DATA FOR THIS EXERCISE below:
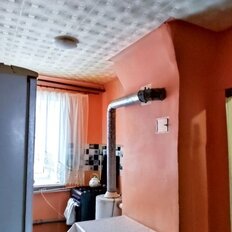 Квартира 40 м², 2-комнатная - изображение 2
End of DATA FOR THIS EXERCISE.
DATA FOR THIS EXERCISE below:
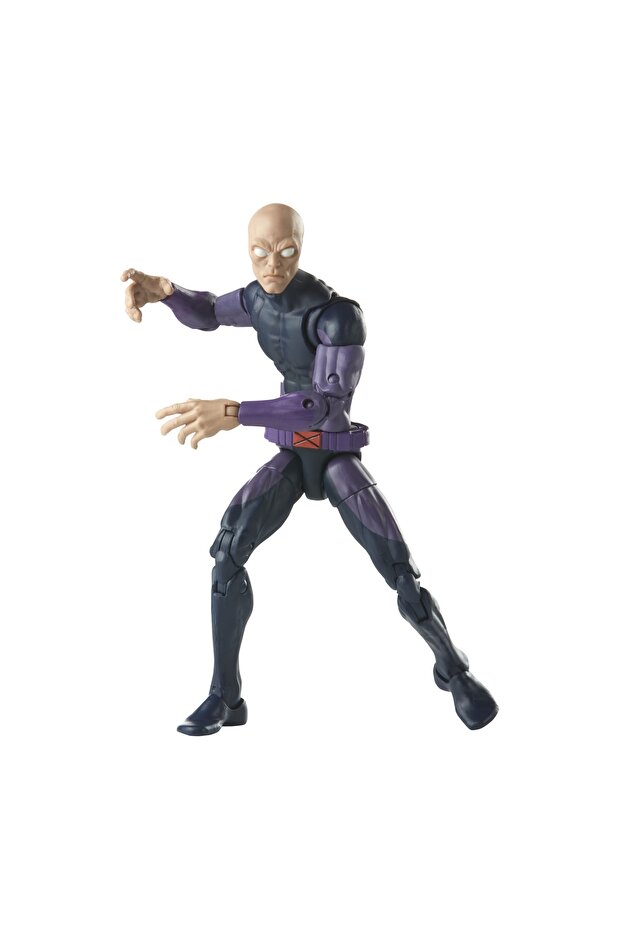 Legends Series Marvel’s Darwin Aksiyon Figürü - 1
End of DATA FOR THIS EXERCISE.
DATA FOR THIS EXERCISE below:
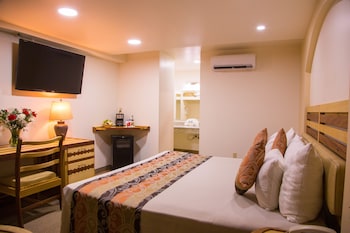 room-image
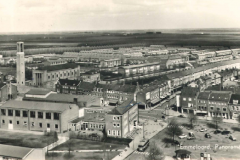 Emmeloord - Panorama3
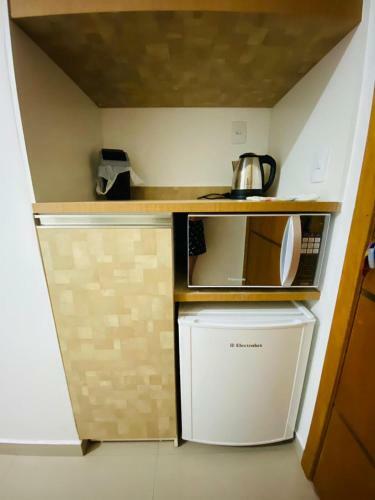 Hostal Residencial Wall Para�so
End of DATA FOR THIS EXERCISE.
• **TASK BRIEF**
Every line above in the stretch from the one with "Emmeloord - Panorama3" through the one with "Hostal Residencial Wall Para�so" is to be transcribed exactly, ends included. No picture is copied.

• **RESULT OF THE TASK**
 Emmeloord - Panorama3
 Hostal Residencial Wall Para�so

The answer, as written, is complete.